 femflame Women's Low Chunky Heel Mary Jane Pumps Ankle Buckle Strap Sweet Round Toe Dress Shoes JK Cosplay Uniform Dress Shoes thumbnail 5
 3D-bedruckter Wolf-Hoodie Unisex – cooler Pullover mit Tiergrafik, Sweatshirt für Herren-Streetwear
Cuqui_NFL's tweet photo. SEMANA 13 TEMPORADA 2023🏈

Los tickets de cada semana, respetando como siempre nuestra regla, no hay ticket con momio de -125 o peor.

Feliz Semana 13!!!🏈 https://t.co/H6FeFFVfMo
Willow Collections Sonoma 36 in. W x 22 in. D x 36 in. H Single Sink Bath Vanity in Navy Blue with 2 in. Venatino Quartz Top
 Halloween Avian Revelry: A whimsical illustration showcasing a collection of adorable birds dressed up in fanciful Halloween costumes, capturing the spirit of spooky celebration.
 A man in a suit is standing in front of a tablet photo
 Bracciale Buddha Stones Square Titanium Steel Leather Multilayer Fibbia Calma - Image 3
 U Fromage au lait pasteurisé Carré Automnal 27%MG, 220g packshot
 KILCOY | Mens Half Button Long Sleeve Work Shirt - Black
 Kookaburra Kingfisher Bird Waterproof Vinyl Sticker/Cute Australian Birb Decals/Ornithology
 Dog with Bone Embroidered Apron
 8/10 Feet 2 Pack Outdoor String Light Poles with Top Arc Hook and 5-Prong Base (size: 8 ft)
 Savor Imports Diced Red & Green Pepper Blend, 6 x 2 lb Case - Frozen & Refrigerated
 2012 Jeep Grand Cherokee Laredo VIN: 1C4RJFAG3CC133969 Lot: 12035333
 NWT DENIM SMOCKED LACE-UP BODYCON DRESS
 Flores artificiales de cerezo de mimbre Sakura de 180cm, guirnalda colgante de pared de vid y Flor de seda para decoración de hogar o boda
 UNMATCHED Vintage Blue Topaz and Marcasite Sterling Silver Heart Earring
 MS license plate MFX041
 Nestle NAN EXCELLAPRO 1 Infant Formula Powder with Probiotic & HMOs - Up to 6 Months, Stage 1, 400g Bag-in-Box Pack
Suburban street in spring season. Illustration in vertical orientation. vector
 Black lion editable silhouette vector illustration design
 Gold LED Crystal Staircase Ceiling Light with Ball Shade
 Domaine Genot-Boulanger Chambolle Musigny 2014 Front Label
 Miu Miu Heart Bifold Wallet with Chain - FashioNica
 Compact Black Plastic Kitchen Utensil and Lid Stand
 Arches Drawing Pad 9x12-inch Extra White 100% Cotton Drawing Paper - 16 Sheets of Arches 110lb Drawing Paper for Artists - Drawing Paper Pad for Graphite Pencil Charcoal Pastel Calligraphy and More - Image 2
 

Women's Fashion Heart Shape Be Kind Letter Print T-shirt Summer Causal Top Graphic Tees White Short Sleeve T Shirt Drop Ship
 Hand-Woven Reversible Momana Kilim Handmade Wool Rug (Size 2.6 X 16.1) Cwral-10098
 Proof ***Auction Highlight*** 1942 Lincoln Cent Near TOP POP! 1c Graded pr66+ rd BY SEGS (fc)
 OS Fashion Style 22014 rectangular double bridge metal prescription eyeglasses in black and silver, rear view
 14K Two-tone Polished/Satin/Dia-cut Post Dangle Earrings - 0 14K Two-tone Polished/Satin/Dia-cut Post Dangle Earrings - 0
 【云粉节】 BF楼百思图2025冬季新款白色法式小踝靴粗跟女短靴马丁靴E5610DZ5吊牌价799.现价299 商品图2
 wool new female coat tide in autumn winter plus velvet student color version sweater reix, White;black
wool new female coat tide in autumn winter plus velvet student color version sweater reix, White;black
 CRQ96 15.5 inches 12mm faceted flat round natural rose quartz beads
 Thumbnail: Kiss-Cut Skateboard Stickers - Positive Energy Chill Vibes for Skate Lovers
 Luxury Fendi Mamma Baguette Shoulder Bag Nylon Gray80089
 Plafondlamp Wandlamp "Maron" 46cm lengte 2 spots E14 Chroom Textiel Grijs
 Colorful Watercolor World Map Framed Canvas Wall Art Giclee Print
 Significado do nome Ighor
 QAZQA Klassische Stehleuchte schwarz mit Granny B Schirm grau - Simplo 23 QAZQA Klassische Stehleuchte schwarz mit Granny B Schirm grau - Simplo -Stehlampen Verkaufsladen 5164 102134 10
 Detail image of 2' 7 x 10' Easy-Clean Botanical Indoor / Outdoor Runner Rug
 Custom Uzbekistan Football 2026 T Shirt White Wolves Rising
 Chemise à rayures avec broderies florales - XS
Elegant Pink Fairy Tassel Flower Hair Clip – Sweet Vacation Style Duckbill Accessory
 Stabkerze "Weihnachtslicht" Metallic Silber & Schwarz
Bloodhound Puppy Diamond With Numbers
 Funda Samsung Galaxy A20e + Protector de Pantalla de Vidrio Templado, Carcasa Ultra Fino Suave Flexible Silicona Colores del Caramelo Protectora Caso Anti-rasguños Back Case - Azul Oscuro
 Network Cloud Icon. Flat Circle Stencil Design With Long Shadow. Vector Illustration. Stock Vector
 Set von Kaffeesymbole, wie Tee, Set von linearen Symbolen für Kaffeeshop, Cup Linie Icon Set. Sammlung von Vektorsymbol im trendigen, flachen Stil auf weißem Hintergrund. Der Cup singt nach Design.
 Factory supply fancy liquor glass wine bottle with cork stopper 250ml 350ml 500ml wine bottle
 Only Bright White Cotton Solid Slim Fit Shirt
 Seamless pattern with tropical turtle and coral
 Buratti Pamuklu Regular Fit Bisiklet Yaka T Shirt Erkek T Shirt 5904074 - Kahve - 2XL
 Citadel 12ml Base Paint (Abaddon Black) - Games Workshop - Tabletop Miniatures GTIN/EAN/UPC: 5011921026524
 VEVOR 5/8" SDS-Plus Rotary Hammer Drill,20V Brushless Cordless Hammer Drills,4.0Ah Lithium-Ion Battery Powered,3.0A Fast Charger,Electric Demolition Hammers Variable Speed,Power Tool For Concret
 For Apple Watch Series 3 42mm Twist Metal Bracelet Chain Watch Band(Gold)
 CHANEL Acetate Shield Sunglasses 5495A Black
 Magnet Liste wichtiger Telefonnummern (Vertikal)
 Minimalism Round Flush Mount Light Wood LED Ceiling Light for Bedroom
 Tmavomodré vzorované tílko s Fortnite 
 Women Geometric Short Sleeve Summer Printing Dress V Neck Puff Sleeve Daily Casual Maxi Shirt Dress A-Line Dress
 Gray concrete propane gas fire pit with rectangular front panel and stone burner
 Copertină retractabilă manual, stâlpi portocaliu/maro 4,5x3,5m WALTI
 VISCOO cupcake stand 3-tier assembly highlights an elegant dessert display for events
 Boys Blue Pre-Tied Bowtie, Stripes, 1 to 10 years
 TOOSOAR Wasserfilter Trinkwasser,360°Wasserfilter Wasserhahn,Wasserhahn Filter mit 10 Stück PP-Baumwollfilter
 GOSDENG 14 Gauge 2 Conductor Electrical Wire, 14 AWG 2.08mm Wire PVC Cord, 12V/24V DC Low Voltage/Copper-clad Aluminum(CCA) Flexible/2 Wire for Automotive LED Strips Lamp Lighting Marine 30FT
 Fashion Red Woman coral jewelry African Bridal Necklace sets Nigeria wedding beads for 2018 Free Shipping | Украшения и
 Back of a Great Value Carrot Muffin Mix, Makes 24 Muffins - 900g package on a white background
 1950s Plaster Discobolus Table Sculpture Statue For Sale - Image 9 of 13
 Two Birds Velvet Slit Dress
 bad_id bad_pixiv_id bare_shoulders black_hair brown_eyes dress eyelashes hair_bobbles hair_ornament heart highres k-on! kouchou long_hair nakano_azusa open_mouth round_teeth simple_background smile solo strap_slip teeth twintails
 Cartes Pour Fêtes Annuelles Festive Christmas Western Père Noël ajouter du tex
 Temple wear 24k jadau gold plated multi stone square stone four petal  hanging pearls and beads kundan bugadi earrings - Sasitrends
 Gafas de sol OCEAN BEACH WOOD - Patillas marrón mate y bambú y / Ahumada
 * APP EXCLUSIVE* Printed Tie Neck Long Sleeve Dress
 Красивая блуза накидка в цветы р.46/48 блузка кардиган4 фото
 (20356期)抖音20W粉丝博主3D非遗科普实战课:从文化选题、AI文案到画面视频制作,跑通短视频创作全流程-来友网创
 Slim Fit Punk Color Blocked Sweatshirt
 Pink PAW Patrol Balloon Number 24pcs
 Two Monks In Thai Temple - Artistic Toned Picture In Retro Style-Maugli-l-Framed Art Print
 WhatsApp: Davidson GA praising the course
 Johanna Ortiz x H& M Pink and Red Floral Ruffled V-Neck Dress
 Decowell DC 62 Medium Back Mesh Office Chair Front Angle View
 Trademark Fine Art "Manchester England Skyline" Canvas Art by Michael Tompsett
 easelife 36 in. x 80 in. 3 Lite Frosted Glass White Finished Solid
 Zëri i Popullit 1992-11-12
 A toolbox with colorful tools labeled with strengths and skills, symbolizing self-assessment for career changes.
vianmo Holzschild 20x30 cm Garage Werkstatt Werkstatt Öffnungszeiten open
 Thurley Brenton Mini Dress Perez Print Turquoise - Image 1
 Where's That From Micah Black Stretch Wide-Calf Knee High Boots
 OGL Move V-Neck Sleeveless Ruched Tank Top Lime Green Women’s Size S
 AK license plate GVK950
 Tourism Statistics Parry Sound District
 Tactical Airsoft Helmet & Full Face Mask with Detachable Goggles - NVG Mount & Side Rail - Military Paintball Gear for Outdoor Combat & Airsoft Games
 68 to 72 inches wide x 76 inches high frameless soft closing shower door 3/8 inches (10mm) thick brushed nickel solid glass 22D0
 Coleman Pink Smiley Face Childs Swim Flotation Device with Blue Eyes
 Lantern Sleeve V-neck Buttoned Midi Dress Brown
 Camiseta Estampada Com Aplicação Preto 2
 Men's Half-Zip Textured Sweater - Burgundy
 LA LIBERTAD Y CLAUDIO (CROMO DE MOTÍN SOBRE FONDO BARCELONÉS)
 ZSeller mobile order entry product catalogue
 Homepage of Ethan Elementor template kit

▸ **Exercise description**:
In the listing above, find the line with "Cartes Pour Fêtes" and the line with "Temple wear 24k"; set down exactly those two lines and every line between them, nothing more.

▸ **Expected output**:
 Cartes Pour Fêtes Annuelles Festive Christmas Western Père Noël ajouter du tex
 Temple wear 24k jadau gold plated multi stone square stone four petal  hanging pearls and beads kundan bugadi earrings - Sasitrends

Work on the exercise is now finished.